Modest wants someone to listen. And Ellis is doing that.
The teens’ demands are as such: They want money or the ability
to make it. Their parents are already struggling to survive
as it is, so the teens need help getting jobs and supporting
themselves.
They want respect from the police.
They want a place to go so that they don’t have to be on the
street after school every evening. Some place with a PlayStation
and maybe something to eat.
While
these desires might seem basic to kids from the suburbs, the
kids from Arbor Hill and West Hill feel excluded, unwelcome
and cut off from the things and places that should provide
them with some sanctuary.
“Where
do they have to go for jobs?” asks Ellis. “The mall? Take
a survey of the mall and see how many African-Americans work
there.”
“Can’t
even get in there any more, ’cause we aren’t 18,” chimes in
another teen.
The teens also find themselves being turned away from some
local community centers and feeding sites, told they look
too old, or that they might “cause trouble.”

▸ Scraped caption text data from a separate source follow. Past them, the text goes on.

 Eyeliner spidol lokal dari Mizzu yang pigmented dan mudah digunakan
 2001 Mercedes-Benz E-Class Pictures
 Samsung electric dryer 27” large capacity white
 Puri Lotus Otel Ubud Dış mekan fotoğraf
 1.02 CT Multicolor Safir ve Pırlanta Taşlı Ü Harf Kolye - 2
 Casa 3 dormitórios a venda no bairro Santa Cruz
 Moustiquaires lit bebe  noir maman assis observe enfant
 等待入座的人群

Even school, the very structure that is supposed to guide
these teens into adulthood, feels tenuous to them. Things
are so tense in Albany High that one screw-up finds them placed
into alternative programs or even faced with expulsion.
Ricardo Caldwell, one of Modest’s friends, says he was nearly
expelled from school for the first incident of violence he
was ever involved in. “He got in a fight yesterday,” says
Ellis. “A kid jumps him, he fights back.”
“It’s
my fourth year in high school,” chimes in Caldwell. “And I
was never in trouble for anything. I’m in 12th grade, and
they are ready to kick me out.”
“They
never even looked into anything,” adds Modest, “and they just
automatically assume he’s a bad apple and say, ‘Let’s get
him out of the school.’ We are the ones they gave up on. The
ones society already gave up on. And they have given up on
a lot of people we know and they were ready to give up on
him.”
Ellis explains that because Caldwell got into a fight with
a kid from downtown, the school was anxious to make sure that
any feud was preempted and therefore Caldwell was going to
be expelled. “Once they get in a fight uptown-downtown, that
is it,” says Ellis.
But Caldwell fought his expulsion and is back in Albany High.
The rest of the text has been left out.